Les Suisses alémaniques possèdent des structures ainsi que des points de repère, et en ont besoin. En Suisse romande, nous avons l’impression de ne jamais obtenir de réponses à nos questions, mais finalement tout fonctionne avec une décontraction étonnante. En règle générale, il est très important de comprendre son propre milieu culturel afin de créer et de développer une sensibilité aux autres cultures.
Quels sont les autres facteurs humains importants pour l’activité export des PME?
Outre l’empathie, il faut disposer de compétences linguistiques et de connaissances techniques solides: elles sont indispensables pour établir une relation d’égal à égal. Être apte à exporter, c’est également faire preuve de sensibilité et de tolérance à la frustration. Un bon exportateur PME doit également posséder une intelligence de situation. Cela signifie par exemple qu’il doit toujours faire preuve de fair-play vis-à-vis d’interlocuteurs étrangers, malgré son engouement pour son produit.
Les exportateurs doivent donc posséder de nombreuses compétences.
C’est vrai, la capacité à exporter n’est pas une science exacte. De plus, j’ai l’impression que la question migratoire entraîne de manière générale une certaine insensibilité aux questions interculturelles. C’est une situation délicate, car nous vivons désormais dans un monde globalisé où les traditions évoluent en permanence.
Les entrepreneurs suisses sont-ils plus compétents que d’autres en la matière?
Nous sommes agiles, ponctuels et conscients des traditions. Nous possédons donc de bons atouts pour être actifs à l’étranger. Pour les entrepreneurs, il devient de plus en plus important d’avoir une vision claire avant de commencer à exporter.
La médiatrice
Claudia Moerker (55 ans) dirige l’association swiss export, qu’elle a fondée en 2003. Elle a entamé sa carrière professionnelle dans le secteur health care et a passé, entre autres, 10 ans chez 3M (Suisse) SA où elle a occupé plusieurs postes de cadre. En plus d’une formation en marketing et vente, Claudia Moerker a effectué plusieurs formations continues en management ainsi qu’une formation en coaching et médiation.
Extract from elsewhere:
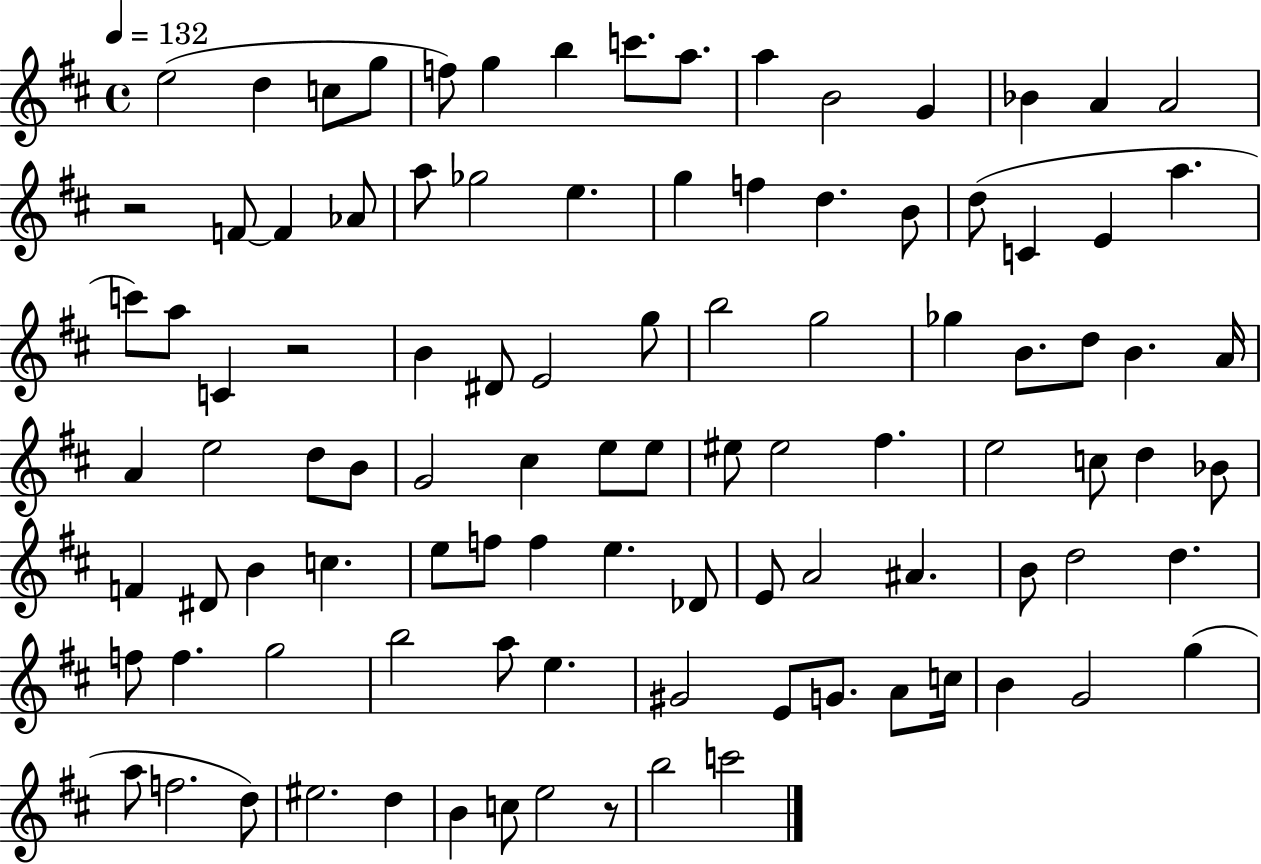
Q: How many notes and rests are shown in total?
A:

Le Japon est un pays où les traditions sont omniprésentes. Quels sont les éléments à prendre en compte pour y exporter?
La politesse et une parfaite harmonie. Le directeur de notre site de Tokyo était un Allemand expatrié depuis les années 1970. Grâce à notre collaboration, nous avions de bonnes relations personnelles. Il parlait allemand, mais était vraiment devenu Japonais. Lorsque j’ai critiqué son rapport adressé à l’un de nos clients pour son manque de contenu, je n’ai plus eu de ses nouvelles pendant quelque temps. J’aurais dû dire: ton rapport était fantastique, pourrais-tu, s’il te plaît, l’étoffer en incorporant les points suivants? Les Japonais ont un extrême besoin d’harmonie, et il est vital de sauver la face. Cela vaut d’ailleurs pour toute l’Asie.
Comment cela se reflète-t-il dans les négociations?
Le Japonais veut littéralement vous parler face à face. Les visioconférences ne sont donc pas adaptées. Lors des réunions, le chef est en retrait, les décisions nécessitent beaucoup de temps et sont en général prises après coup et en commun. On ne dit jamais «non». Vous devez être extrêmement à l’écoute et attentif au langage corporel pour comprendre les nuances qui peuvent être décisives. Pour exporter au Japon, les entrepreneurs ont besoin de temps et d’une bonne compréhension de la culture locale.
Rares sont ceux qui y parviennent sans aucun soutien. Comment aidez-vous les entrepreneurs à préparer concrètement leurs projets d’exportation?
Il existe aujourd’hui de vastes réseaux de contacts pour les PME et de nombreuses données en libre accès. Beaucoup d’entreprises pensent donc qu’elles sont assez solides et qu’elles peuvent bien évaluer leur engagement à l’étranger. Les conseils à l’exportation sont devenus une activité de niche. Si toutefois quelqu’un souhaite bénéficier de conseils, nous le faisons en trois étapes.
En quoi consistent ces trois étapes?
Nous commençons par faire un état des lieux: concrètement, que souhaite l’entrepreneur? Nous lui demandons de définir son projet d’exportation à l’aide d’un questionnaire structuré. Lors de la deuxième étape, nous convions nos experts régionaux à un entretien en face-à-face. Le questionnaire et l’entretien doivent permettre d’éviter que l’entrepreneur oublie les facteurs de succès tels que les coûts, le temps et les personnes en raison de son engouement pour son produit.
Vous le poussez donc à une prise de conscience?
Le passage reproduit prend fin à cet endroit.